Buell closed this fall as part of budget cuts in the Beecher district.

Saturday night's public premiere at the Toronto festival, generally regarded as North America's biggest film showcase, brought Moore a standing ovation. The left-leaning, Davison-bred director has been a festival favorite since "Roger & Me," his film about Flint and General Motors, played there in 1989.

"This will be a difficult film for Americans to watch," Moore told the Canadian audience after the screening. "It isn't really about guns as much as it is about the American psyche."

"Bowling for Columbine" premiered last spring at the Cannes Film Festival in France, where it earned a special Jury Prize as that festival's first honored documentary in 46 years. It is to be released to theaters starting in October by United Artists.

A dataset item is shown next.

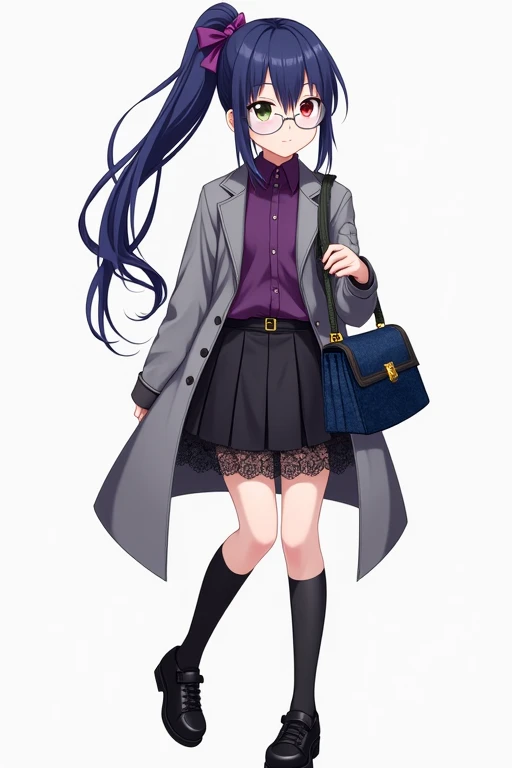  Dark Blue Ponytail with Purple Bow、 Different Color Eyes （Left red、Right olive green）、 Silver Frame Glasses 、 Purple Mens Shirt with Black Lace Knee Skirt、Wearing Black Knee Length Socks 、Grey Military Coat、 Black Womens Leather Shoes 、 Carry a Dark Blue ...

The Rolland tragedy occurred while Moore was making a movie in which another schoolroom tragedy -- the 1999 shootings at Columbine High School in Littleton, Colo. -- plays a central role.

Moore shows a Detroit TV reporter on the scene in Flint commenting off-camera about the senselessness of the Rolland shooting, and then bragging that his footage will be picked up by national news networks.

Busch talks about the pressure put on him by "gun nuts" who wanted "to hang" the 6-year-old boy who pulled the trigger.

Pickell is shown criticizing state welfare-to-work programs. The film implies that anti-welfare programs contributed to the neglect of the boy by forcing his mother, Tamarla Owens, to work out of town at an Auburn Hills restaurant.

Owens was evicted from her home shortly before the shooting and left her son with a relative, from whose home the boy gained access to the gun.

Moore confronts media mogul Dick Clark, whose themed restaurant at Great Lakes Crossing employed Owens, and interviews actor Charlton Heston, president of the National Rifle Association. Heston is shown visiting Flint and Littleton shortly after their respective shootings; he and other NRA officials spoke at a pro-gun rally at the IMA Sports Arena in October 2000.

The Toronto festival is considered an important launching spot for major fall releases, including Academy Award hopefuls. The Detroit-made "8 Mile," starring rapper Eminem, is being shown here as a work in progress ahead of its release in November.

Reviews in two major Toronto newspapers greeted "Bowling for Columbine" with differing views. The Toronto Star said the film "begins with sharpshooting accuracy and breaks down into scattershot fanaticism." The Sun lauded it as "great entertainment with socio-political value."

Moore said he made "Bowling at Columbine" because of his discontent with the "American mentality" of "every man for himself" and "I, me, mine."

"(People) are easily manipulated through race and fear to have guns in their homes," he said, "... and bad things can happen because of it."